== Goal of the exercise ==
Could you return, exactly as written, every line from the one containing "Building Photo - 511 Puerta Vallarta Ln" through the last line of the entries below, leaving out the pictures?

== Available data ==
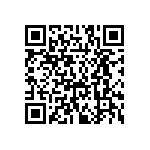 KTF500B684M31NLT00 QRCode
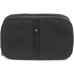 Несессер VICTORINOX ZIP-AROUND TRAVEL KIT 31173201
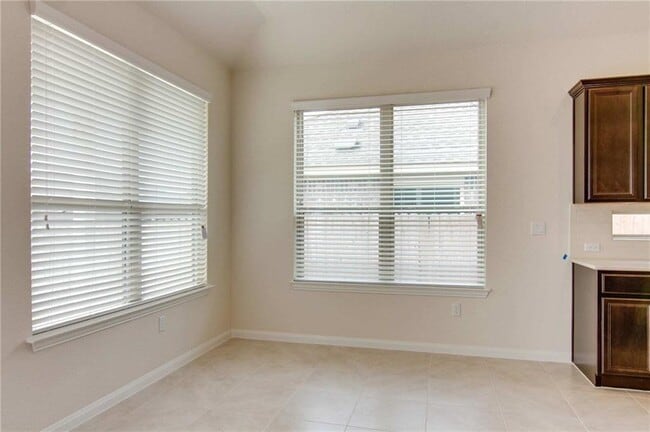 Building Photo - 511 Puerta Vallarta Ln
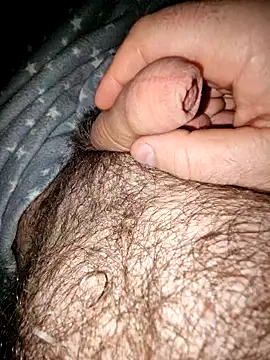 Snapshot of Crek666 chatting on 1, 2, 2025 Crek666 online show from 1, 2, 2025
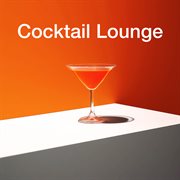 Cocktail Lounge 2023 - Apero Time Music - Summer Beach bar : Apero Time Music Summer Beach bar cover image cdn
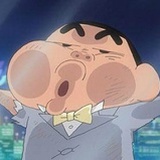 kikidodo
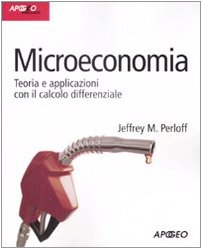 Microéconomie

== Exercise response ==
 Building Photo - 511 Puerta Vallarta Ln
 Snapshot of Crek666 chatting on 1, 2, 2025 Crek666 online show from 1, 2, 2025
 Cocktail Lounge 2023 - Apero Time Music - Summer Beach bar : Apero Time Music Summer Beach bar cover image cdn
 kikidodo
 Microéconomie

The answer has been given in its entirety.